# DEFECTIVE  1970 CANADIAN CLUB BOTTLE WITH A SWING INSIDE BOTTLE



## GRACE ABOUND (Apr 21, 2021)

Every Now And Then A Blind Squirrel Finds An Acorn .. Today As I Was Working With my Bottles i Found An Old 1970 Canadian Club 40 oz. Bottle On The Top Shelf Rear .It Was Very Dusty It Had A Tax Stamp 1970  So As I Wiped The Bottle I Noticed Something Inside . Maybe A Wire Or Fishing Line Attached To Both Sides .NO It Was A Glass Thread Attached To Both Sides . Have A Look .


----------



## UncleBruce (Apr 21, 2021)

That is wild!


----------



## GRACE ABOUND (Apr 21, 2021)

UncleBruce said:


> That is wild!


Thanks Bruce For The Wow . Thats About All I could Say. I Have Seen  This Before In a Soft Drink Photo   .But I Never Thought I Would ever Own One . The Photos Came Out Good .


----------



## saratogadriver (Apr 22, 2021)

I've seen birdswings in older bottles.  They seem to happen with some frequency in umbrella inks for example, but I don't believe I've ever seen an ABM bottle with a bird swing.    

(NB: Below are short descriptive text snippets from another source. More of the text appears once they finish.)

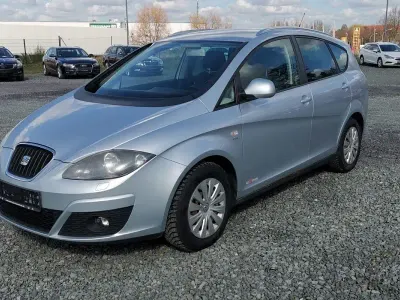 Gebraucht Seat Altea XL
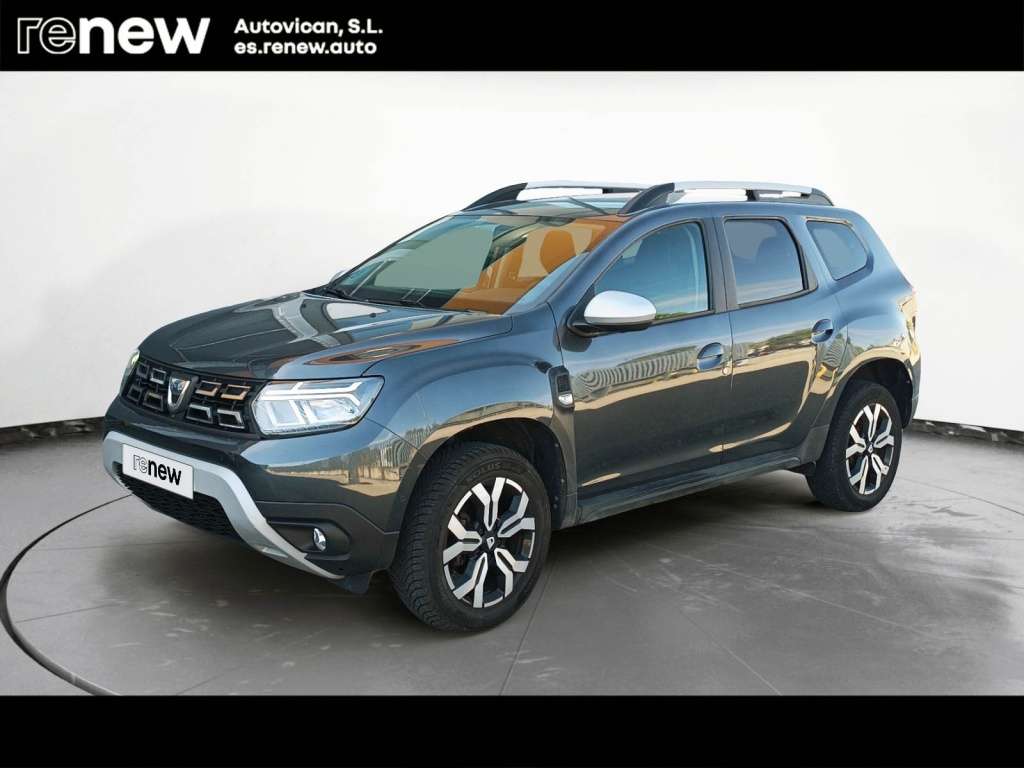 Dacia Duster 1.3 TCe Prestige Go 4x2 96kW - foto 1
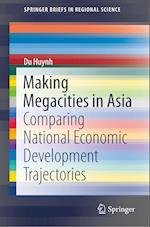 Making Megacities in Asia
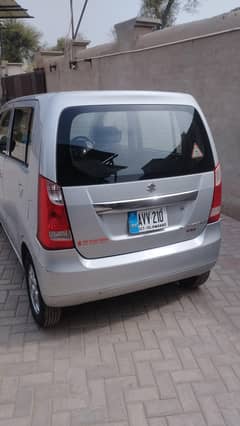 wagin r VXL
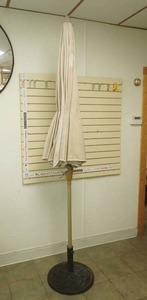Outdoor Patio Umbrella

Lucky that sucker didn't break.    That would have been a particularly nasty shot of whiskey.

Jim G


----------



## GRACE ABOUND (Apr 22, 2021)

saratogadriver said:


> I've seen birdswings in older bottles.  They seem to happen with some frequency in umbrella inks for example, but I don't believe I've ever seen an ABM bottle with a bird swing.
> 
> Lucky that sucker didn't break.    That would have been a particularly nasty shot of whiskey.
> 
> Jim G


Thanks Jim For The Information, And Come back. That Would Have Been A Drink He Never Forgot.


----------